Will Iran become number one energy player in Middle East?

Friday 01/05/2015
New contracts to lure energy majors back

TEHRAN - A nuclear agreement will allow Iran to become the number one energy player in the Middle East and herald major opportunities for foreign companies, top Iranian officials said Wednesday.
The remarks, at an industry event in Tehran, underlined the broader political and economic implications should sanctions on Iran be lifted under a deal, following long-running diplomatic efforts with world powers.
Iran has the world's fourth largest proven oil reserves and the second biggest gas deposits, both of which are seen as long under-tapped and ripe for exploration.

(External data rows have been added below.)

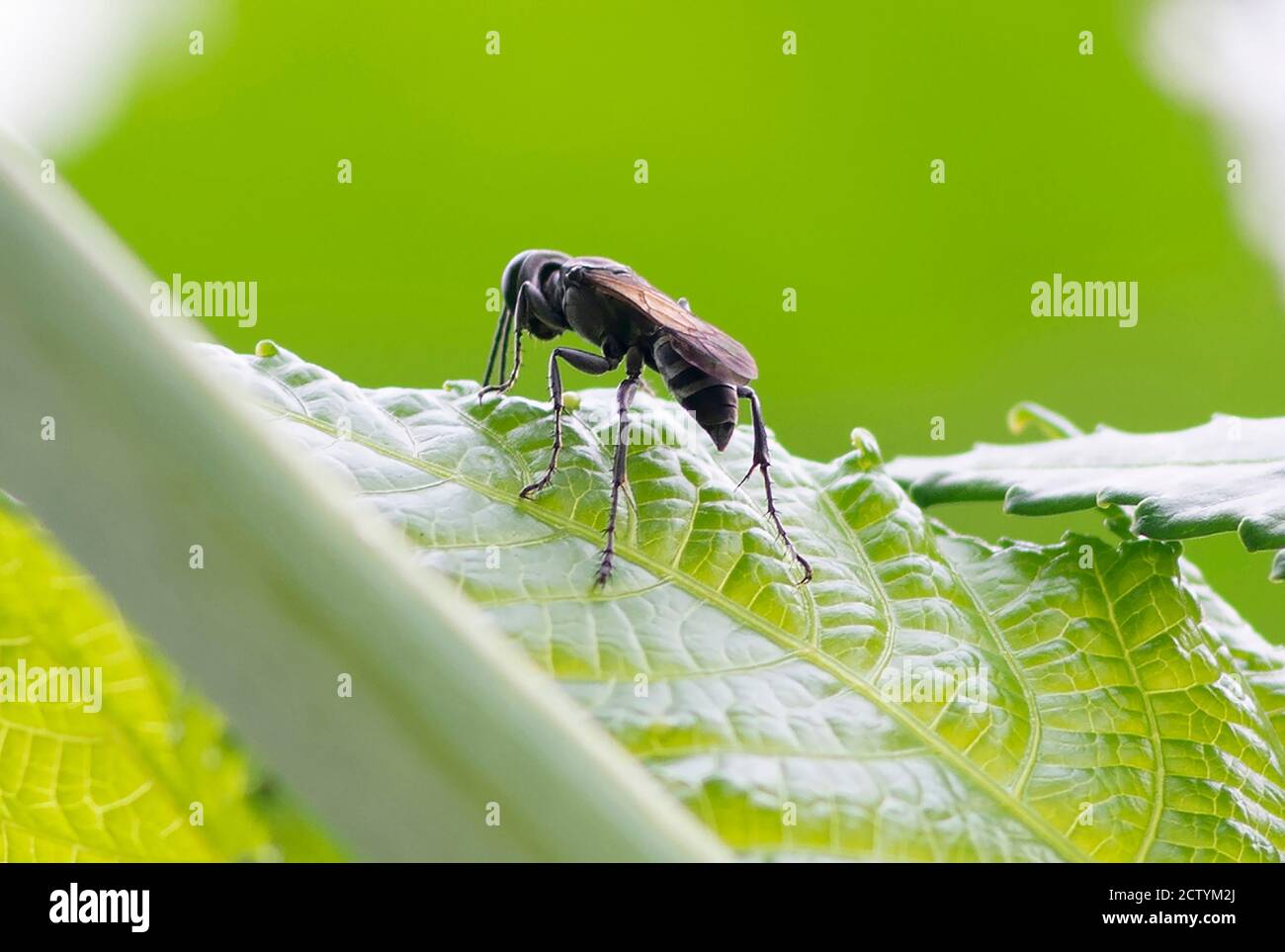 Macro photo of an insect on a leaf in the daylight Stock Photo - Alamy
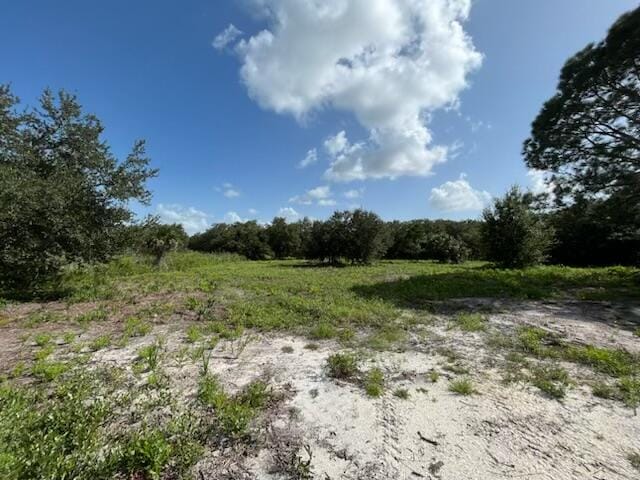 15134 NW 306th Street, Okeechobee, FL 34972 photo 6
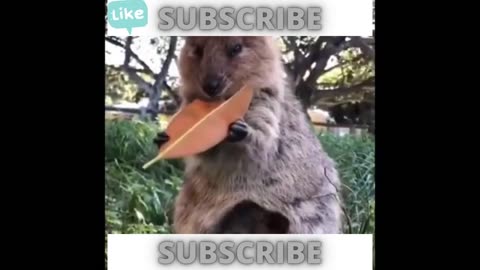 Funny Animals Video ... super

But its exports have halved since US and EU sanctions were imposed in 2012 as punishment for Tehran's disputed nuclear programme.
Oil Minister Bijan Zanganeh, who in recent months has signalled Iran's willingness to see global oil giants return, said international cooperation was essential.

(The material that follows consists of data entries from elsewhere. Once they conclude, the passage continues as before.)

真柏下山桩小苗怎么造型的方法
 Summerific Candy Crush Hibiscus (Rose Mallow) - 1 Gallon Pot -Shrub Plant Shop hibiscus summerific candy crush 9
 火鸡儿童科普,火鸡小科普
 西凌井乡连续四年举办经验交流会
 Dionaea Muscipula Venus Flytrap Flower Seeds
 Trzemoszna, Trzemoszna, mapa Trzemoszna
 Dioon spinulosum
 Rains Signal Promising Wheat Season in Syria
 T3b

"We have to use the foreign companies that will come to us after the removal of sanctions... to increase exports and access regional markets," he said in a speech at Iran's 20th Oil, Gas, Refining and Petrochemical Fair.
"It is understandable that they left us during hard times. But we hope to prepare ourselves to work with them for a future in which we become the industry's number one in the region."
The prospects for doing business are inextricably linked to whether Iran and six world powers can conclude a nuclear accord by a June 30 deadline.
The comments also seemed aimed at Saudi Arabia, the world's largest oil exporter, with which Iran is locked in a fierce dispute over the conflict in Yemen.
During the nuclear crisis Iran has relied on domestic oil firms and though this will continue, Vice President Eshaq Jahangiri, at the same event as Zanganeh, said: "We don't have any other option but to join the international production and distribution chain."
New contracts prepared by the oil ministry would lure energy majors back, he said.
"We expect that after presenting the models of the new agreements, which are based on the realities of the global energy market, they will be so attractive that it will bring the foreign investment.
"Iran is very determined that after a very short period of time after signing the nuclear agreement that we can take back our position in the global oil industry," Jahangiri added.
According to the oil ministry, 1,200 Iranian companies and 600 international businesses from 29 countries including Britain, China, France, Germany, Russia, Singapore and the United Arab Emirates registered for the four-day Tehran exhibition.
But with crude prices hovering around a lowly $60 a barrel as the market experiences a supply glut, the chances of an economic windfall for Iran or international companies is difficult to gauge.
While oil and gas was long the cornerstone of Iran's finances, the global fall in crude prices has led President Hassan Rouhani's government to seek a more varied economy.
And in the budget for this year Iran halved its reliance on oil income to 25 percent. Foreign companies are also weighing the cost of doing business in Iran against the potential returns.
Under Iranian law, foreign entities in the oil and gas sector must partner with local firms.
But the development of oil and gas sites, including the massive South Pars gas field, shared with Qatar, and the West Karoun oilfield, offer significant potential for foreign tie-ups.
Having agreed an outline framework for a deal on April 2, Iran and the P5+1 powers (Britain, China, France, Russia and the United States plus Germany) aim to conclude a final accord by the end of June.
Under an interim deal that came into effect in January 2014, which gave some sanctions relief, Iran has been allowed to maintain its crude oil exports at around 1.2 million barrels per day -- less than half of what it was shipping in late 2011.
Production capacity is now around 2.7 million bpd but the ministry has said it could reach 4 million bpd within a few years.